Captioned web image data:
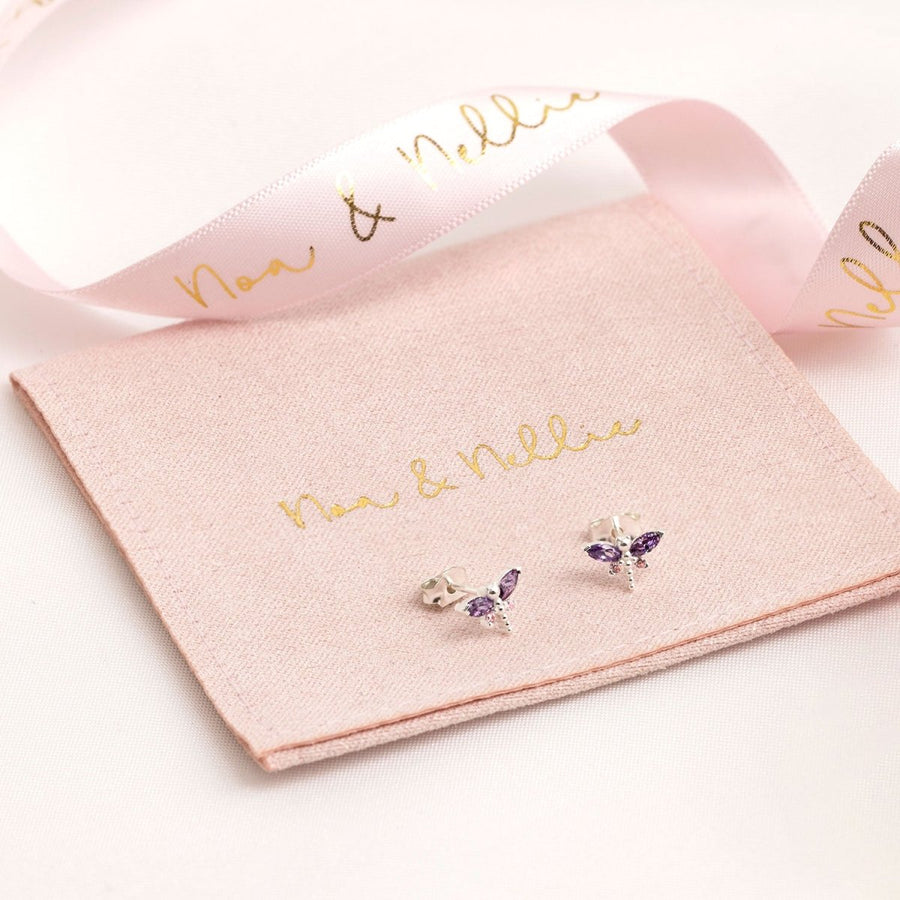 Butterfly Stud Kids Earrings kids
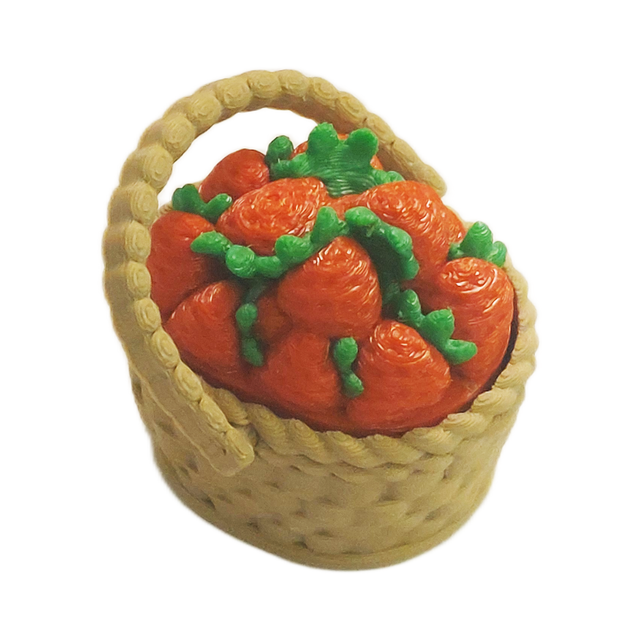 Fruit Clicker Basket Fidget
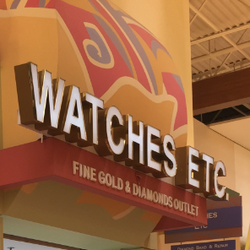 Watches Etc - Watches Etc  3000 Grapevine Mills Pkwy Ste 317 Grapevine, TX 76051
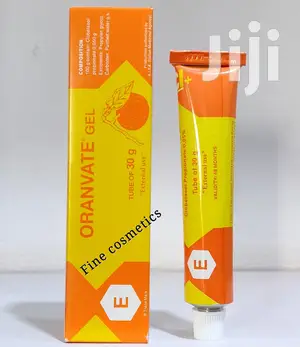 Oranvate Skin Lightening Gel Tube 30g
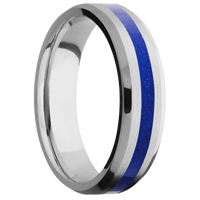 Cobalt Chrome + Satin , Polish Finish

DIRECTIONS
Before handing back the copy, remove the pictures; otherwise print the data exactly.

EXERCISE SOLUTION
 Butterfly Stud Kids Earrings kids
 Fruit Clicker Basket Fidget
 Watches Etc - Watches Etc  3000 Grapevine Mills Pkwy Ste 317 Grapevine, TX 76051
 Oranvate Skin Lightening Gel Tube 30g
 Cobalt Chrome + Satin , Polish Finish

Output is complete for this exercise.